The Supreme Court has done well to make it clear that it would consider the Babri Masjid-Ram Janmabhoomi case before it as "purely a land dispute". This means, the court would only decide the legality of the claims made on the 2.77 acres of land where the Babri Masjid once stood. The Allahabad high court ordered in 2010 that the land be partitioned among three parties - the Sunni Wakf Board, the Nirmohi Akhara and Ram Lalla. The Supreme Court is now hearing appeals against the ruling, and the statement that it would not go into other aspects of the case makes the issue before the court clear. The court's assertion that it does not plan to hear the case on a day-to-day basis is also right and justified. It said it was unfair to fast-track one case when hundreds of other litigants were waiting for a decision on their cases.

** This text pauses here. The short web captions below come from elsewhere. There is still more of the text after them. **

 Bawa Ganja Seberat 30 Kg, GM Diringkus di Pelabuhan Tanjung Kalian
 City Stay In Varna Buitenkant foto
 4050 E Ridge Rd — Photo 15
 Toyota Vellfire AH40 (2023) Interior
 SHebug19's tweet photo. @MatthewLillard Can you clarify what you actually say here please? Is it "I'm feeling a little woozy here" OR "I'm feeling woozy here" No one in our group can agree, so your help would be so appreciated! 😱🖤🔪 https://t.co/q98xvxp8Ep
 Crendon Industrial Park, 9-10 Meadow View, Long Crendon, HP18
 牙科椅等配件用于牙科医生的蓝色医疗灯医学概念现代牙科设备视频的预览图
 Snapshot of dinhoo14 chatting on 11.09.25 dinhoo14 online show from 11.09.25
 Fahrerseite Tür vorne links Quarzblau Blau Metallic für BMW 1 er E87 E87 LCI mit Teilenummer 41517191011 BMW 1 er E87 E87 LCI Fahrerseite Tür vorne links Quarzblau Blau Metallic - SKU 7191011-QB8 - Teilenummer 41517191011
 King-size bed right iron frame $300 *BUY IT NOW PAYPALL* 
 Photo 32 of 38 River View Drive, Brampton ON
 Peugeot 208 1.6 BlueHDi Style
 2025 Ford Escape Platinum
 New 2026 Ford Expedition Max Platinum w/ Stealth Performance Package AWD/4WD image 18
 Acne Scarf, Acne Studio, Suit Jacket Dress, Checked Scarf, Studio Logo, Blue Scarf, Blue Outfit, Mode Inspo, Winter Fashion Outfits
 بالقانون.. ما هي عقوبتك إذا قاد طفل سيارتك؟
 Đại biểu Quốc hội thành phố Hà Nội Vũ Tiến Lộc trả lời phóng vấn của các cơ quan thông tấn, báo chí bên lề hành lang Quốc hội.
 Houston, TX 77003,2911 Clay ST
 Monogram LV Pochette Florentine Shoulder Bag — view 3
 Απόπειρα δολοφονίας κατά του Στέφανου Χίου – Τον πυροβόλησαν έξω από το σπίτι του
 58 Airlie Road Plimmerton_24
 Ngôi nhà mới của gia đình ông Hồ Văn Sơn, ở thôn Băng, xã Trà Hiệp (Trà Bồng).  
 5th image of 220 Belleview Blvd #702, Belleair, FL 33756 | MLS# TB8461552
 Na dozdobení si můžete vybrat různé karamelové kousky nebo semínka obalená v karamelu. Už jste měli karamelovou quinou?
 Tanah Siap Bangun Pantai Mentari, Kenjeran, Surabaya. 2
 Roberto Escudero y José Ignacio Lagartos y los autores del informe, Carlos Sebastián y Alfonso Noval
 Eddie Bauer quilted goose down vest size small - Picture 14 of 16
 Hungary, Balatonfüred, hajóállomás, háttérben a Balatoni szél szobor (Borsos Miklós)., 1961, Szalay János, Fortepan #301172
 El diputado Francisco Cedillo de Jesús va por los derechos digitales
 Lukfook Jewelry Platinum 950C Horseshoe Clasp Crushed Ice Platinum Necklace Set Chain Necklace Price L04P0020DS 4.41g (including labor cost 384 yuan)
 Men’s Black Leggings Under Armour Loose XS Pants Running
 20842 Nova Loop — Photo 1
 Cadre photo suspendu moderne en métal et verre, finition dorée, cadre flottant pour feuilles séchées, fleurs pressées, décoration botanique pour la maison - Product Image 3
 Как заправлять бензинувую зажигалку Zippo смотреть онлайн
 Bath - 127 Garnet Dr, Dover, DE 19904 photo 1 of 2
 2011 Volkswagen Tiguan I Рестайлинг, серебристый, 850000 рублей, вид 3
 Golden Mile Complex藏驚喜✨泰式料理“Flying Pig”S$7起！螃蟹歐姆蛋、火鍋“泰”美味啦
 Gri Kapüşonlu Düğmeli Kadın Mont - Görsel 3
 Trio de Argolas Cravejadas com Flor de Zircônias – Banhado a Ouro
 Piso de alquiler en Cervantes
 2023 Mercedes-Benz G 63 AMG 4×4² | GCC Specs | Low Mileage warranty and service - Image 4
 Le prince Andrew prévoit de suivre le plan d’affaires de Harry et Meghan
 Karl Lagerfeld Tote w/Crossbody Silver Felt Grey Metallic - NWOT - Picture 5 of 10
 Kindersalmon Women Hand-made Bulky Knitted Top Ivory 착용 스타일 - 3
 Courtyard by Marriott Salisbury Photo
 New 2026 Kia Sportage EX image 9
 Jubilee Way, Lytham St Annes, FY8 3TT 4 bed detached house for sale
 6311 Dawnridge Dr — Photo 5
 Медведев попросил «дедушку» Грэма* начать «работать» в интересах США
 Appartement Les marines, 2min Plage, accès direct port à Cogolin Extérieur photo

This makes two things clear. One is that the court would restrict itself to the basic legal issue in the case, and the other is that it does not attach any special importance to the case. The dispute has over the past decades accumulated a heavy baggage of sentiments and passions, and politics, religion and social and communal equations have gotten mixed up with it. But these are ideas and constructions imposed on the dispute by those who want to make political or other kinds of use of it. It has even been linked to nationalism. But the court would only fail in its duty if it lost sight of the basic issue involved in the dispute. It is not its remit, and it is not competent, to judge other issues. It does not also have the legal tools for that. Even a decision on the ownership issue is not easy as the case is complicated, but it will necessarily have to be based on documents and records, and not on sentiments and faith. The parties to the case, and all others, should accept the decision of the court. This is the essential norm of the rule of law, which is central to the functioning of a democracy. There is no other acceptable method of resolution, as other means like negotiations and mediations have failed in the past.
The court also wisely rejected the demand for a daily hearing. The demand had got linked to the next Lok Sabha election, with some proposing that it would help the BJP government, assuming that the court's decision would be in favour of its position on the issue. The country should wait for the natural course of justice to run, not force it.